Dolores Acevedo-Garcia of Brandeis University and coauthors developed a surveillance system, coined the "Child Opportunity Index," to gauge neighborhood-based opportunities conducive to healthy development. Researchers scored neighborhoods using nineteen indicators-ranging from the presence of quality early-childhood education, to poverty, to proximity to parks and healthy food.

They found that, across the one hundred largest metropolitan areas, 40 percent of black children and 32 percent of Hispanic children reside in the lowest opportunity neighborhoods within their metropolitan areas, compared with 9 percent of white children and 12 percent of Asian and Pacific Islander children. Black and Hispanic children are even more concentrated in very low-opportunity neighborhoods in areas with higher levels of racial segregation. The authors say that the index could inform collaborations between the health care sector and community development programs that seek improved child health equity.

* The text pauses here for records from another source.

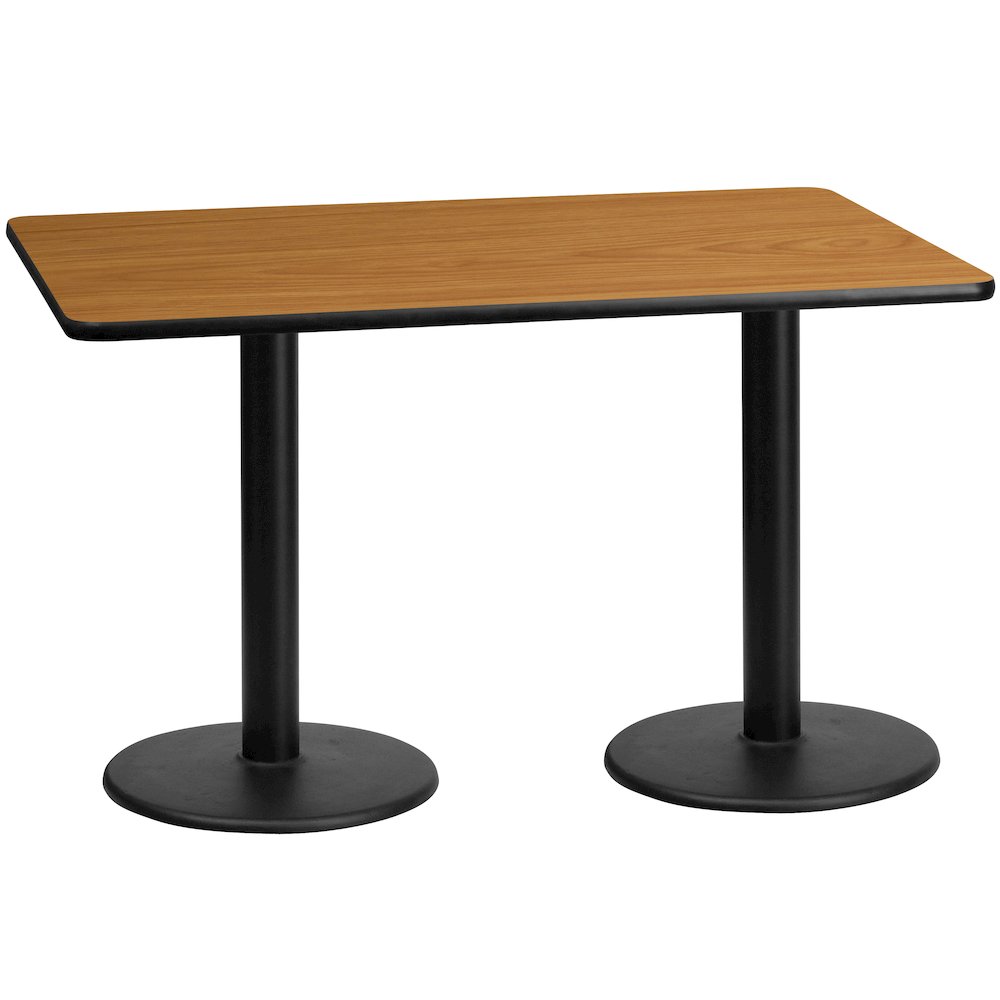 30'' x 60'' Rectangular Natural Laminate Table Top with 18'' Round Table Height Bases. Picture 1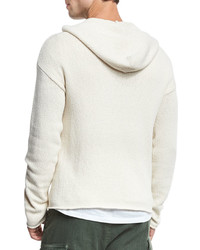 Vince Textured Cotton Pullover Hoodie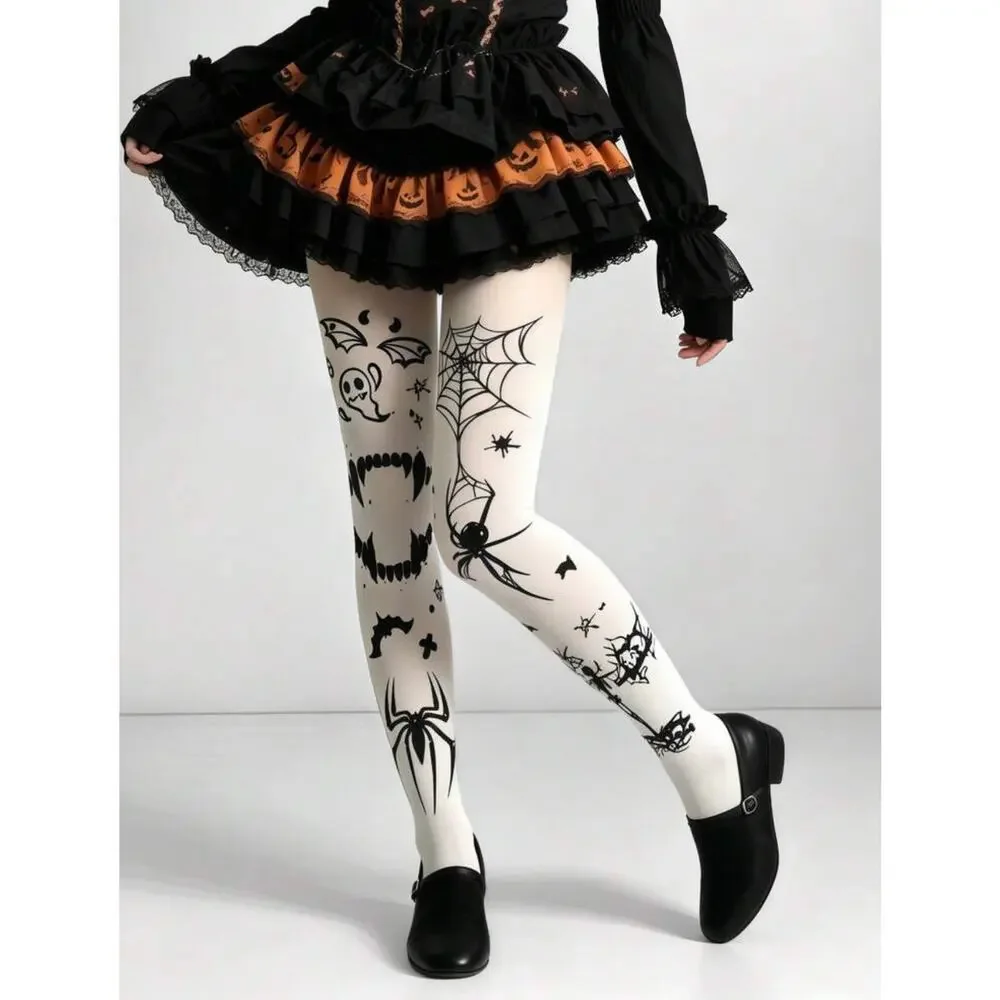 NWT Black & White Halloween Gothic Bat Ghost Spiderweb Spider Skeleton Tights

Index maps for the one hundred metropolitan areas are available at diversitydatakids.org.

Research: The Child Opportunity Index: Improving Collaboration Between Community Development And Public Health, Dolores Acevedo-Garcia, Nancy McArdle, Erin F. Hardy, Unda Ioana Crisan, Bethany Romano, David Norris, Mikyung Baek and Jason Reece, Health Affairs, doi: 10.1377/hlthaff.2014.0679, published November 2014.